Before joining Atrys, she spent eight years as CEO of PharmaMar (a biopharmaceutical R+D+i company) and five years as CFO of the Zeltia Group.

Isabel Lozano was re-elected as executive director on December 10, 2021 and her term of office runs until December 10, 2025.

Echarri Torres, José Mª
Position
Proprietary Director

He holds a degree in Economics and Actuarial and Financial Sciences from the University of Barcelona, and a master’s degree in Financial Management from ESADE.

 

He was Chief Financial Officer of Oryzon Genomics, S.A. from 2003 to 2007.

He is currently CEO of Inveready Asset Management, S.G.E.C.R., S.A. and president of Grupo Financiero Inveready, companies of which he is a founding member and majority shareholder.

Member of the board of directors of more than 30 companies such as Masmóvil Ibercom, S.A., Agile Contents, S.A., Oryzon Genomics, S.A., Interiorvista, S.L., Palo Biofarma, S.L., and Grupo Natac, S.L.

He has actively participated in dozens of corporate transactions such as the sale of Passwordbank Technologies, S.L., the purchase of Pepephone by Masmóvil, and the sale of Indisys, S.L. to Intel.

José Mª Echarri was re-elected as a proprietary director on December 10, 2021 and his term of office runs until December 10, 2025.

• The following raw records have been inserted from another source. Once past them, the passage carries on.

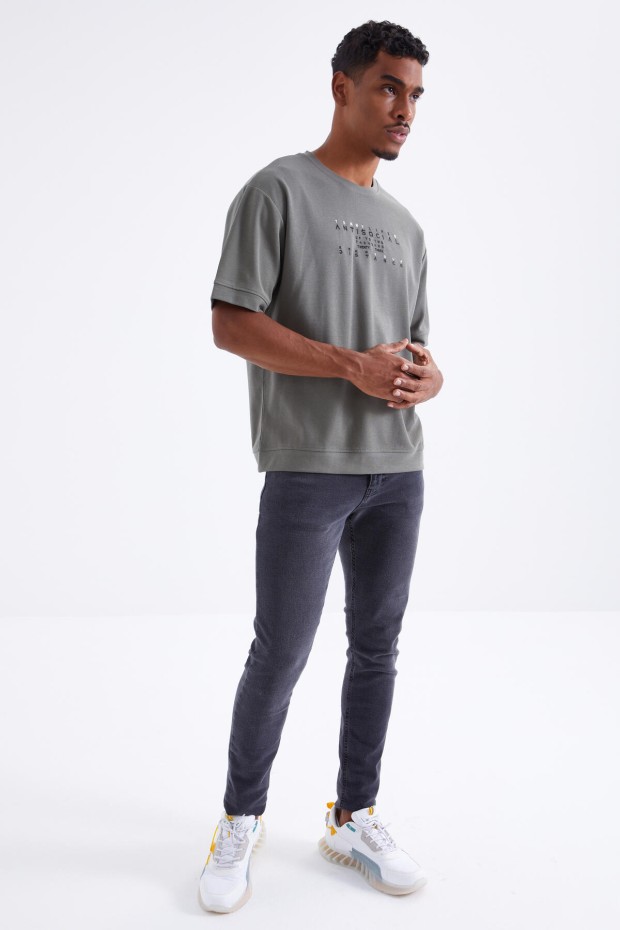 Tommy Life Çağla Küçük Yazı Nakışlı O Yaka Erkek Oversize T-Shirt - 88103. 4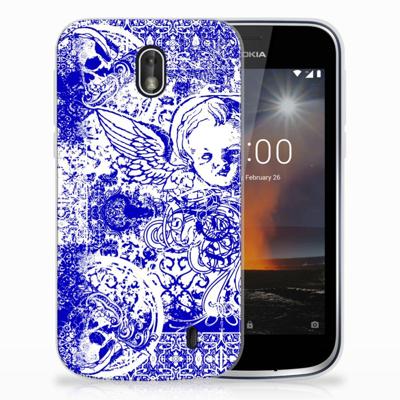 Silicone Back Case Nokia 1 Angel Skull Blauw Silicone Back Case Nokia 1 Angel Skull Blauw
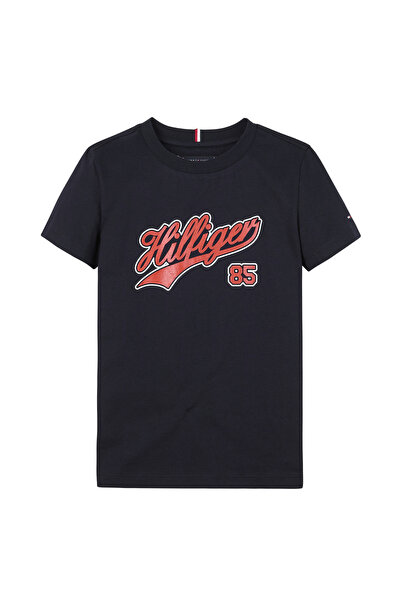 Tommy Hilfiger Printed Navy Blue Men's T-Shirt Hilfiger Script Tee S/S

de Lorenzo López, Fernando
Position
Proprietary Director
Appointments and remuneration committee
Member

He holds a degree in Law and a master’s degree from Instituto de Empresa.

 

General Secretary of Grupo Caser, where he also holds, among other positions, the position of president of Caser Residencial S.A. and chairman of the board of directors of Hospital Parque.

He was appointed director of Atrys on 25 May 2018.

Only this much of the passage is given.